Recently, I was commissioned to shoot a portrait and well, it reminds me of all those difficult sitters who don’t want to be in front of the camera. “Oh, I hate being photographed!” they say, as they look into my lights as if they are coming right at them at speed. In fact, if you think about it; getting so close with a camera can be quite an intimate situation, putting the power squarely on the photographer. I understand this so well, as a child I would cry every time someone wanted to take a picture of me… go figure, what was going on in my young mind (so it is probably best to not analyse too much why someone hates being photographed and just get on with it – unless of course they think you are stealing their soul).
As an adult I have just learnt to use the camera for my own devices whether in front of behind it.
It’s all about evolving, so on the moment of the shoot, you have to get the person you are photographing to evolve with you, to distract them so they forget that this is something horrid to feeling, “wow, this was fun”. Yes, sometimes you have to be the clown, the court jester just to get the shot.

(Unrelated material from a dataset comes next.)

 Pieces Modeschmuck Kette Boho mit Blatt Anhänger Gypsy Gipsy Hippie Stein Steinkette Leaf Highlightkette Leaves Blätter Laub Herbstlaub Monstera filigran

First off, you have to connect with the subject, talk to them, chitchat to them while you are setting up. Ask them stuff about themselves, complement them… you know all the social skills you have developed up to this point – use them. You won’t get very far if you are demure, quiet, aloof, distant and arrogant.
Some people are very difficult and tricky to get them to relax, but so long as you are relaxed and appear in control, you are one step closer to getting the shot.

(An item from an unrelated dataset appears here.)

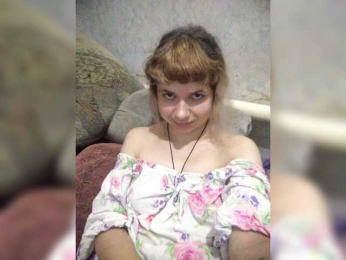 GrettaCandy webcam model stream image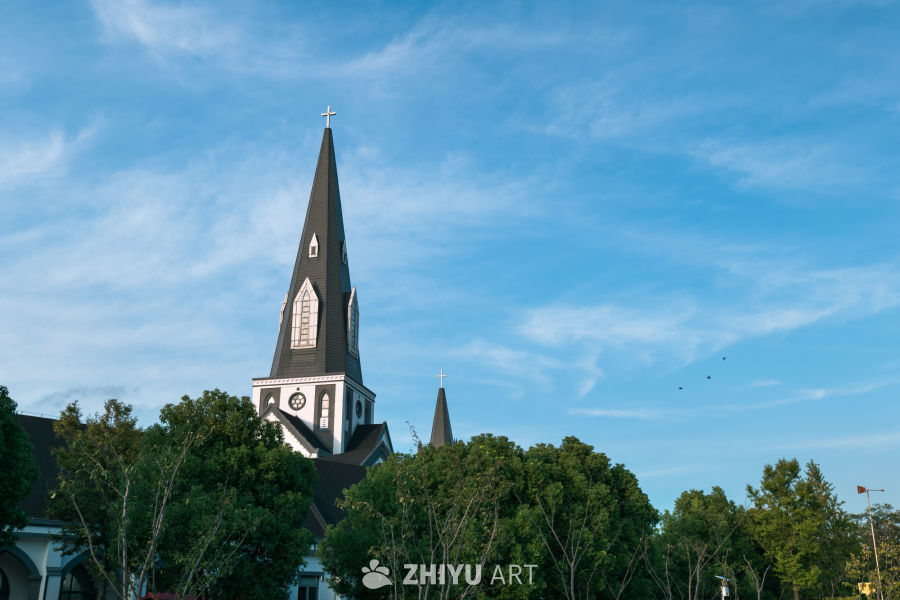 教堂尖塔映蓝天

When you place them in position, it’s almost like instant freeze, nervous twitches and that glazed-over terrified look. I let them know that I will guide them through the whole process – I talk randomly about what I am doing with the light as I fiddle etc. You don’t want them to feel as if they‘re at a dentist, where things get done to them. This is a partnership between them and you.
Never turn you back to them, particularly when you are analysing your digital captures and your head is buried into technical scrutiny, let them know what you are doing, every step of the way. Let them know when you are softening, cranking up the light and engage with them, show them the pics too. I have had some people get so into the shoot that by the end of it they are posing out of their own volition.

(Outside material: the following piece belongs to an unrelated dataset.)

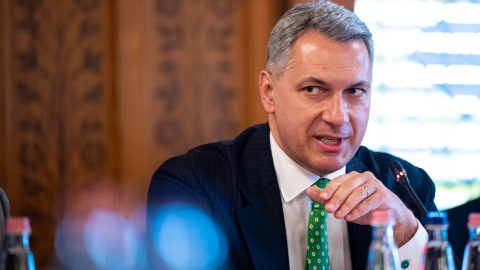 Lázár János: Magyar Péteréknél 10 milliót vesznek fel, hogy megakadályozzák, hogy jó legyen Magyarországnak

If there is an unsightly blemish, reassure them of the wonders of photoshop… most people are self conscious of one thing or another and the word ‘photoshop’ is like their faerie godmother that will transform them into their dream self – mmm well, not quite.
Almost a decade ago I had to photograph a woman in her late 60s for a magazine, she was so unbelievable camera shy, or had sheer camera fear. I had, had difficult people before but nothing had prepared me for this. We discussed the spot in her house where we would shoot the portrait, and discussed her hair and everything else. I placed the lights and positioned the camera on the tripod (the days of heavy medium format film cameras). So there were no variables she was not aware off, but she sat there and looked great and relaxed until the very moment my head looked through the viewfinder. Loss of eye contact, and I lost her. She would jump up and run to the bathroom to fix her hair, we tried again, same thing off she went to get a glass of water, and again, she was finally running out of things to go and do. I got her to look into the lens while I looked at her, everything was set so I just clicked, and clicked and clicked as I kept my eyes on her, constantly getting her to look into camera (that was the brief for the image).
I only shot one roll of film with 12 frames, but that was all I needed and a ton of patience.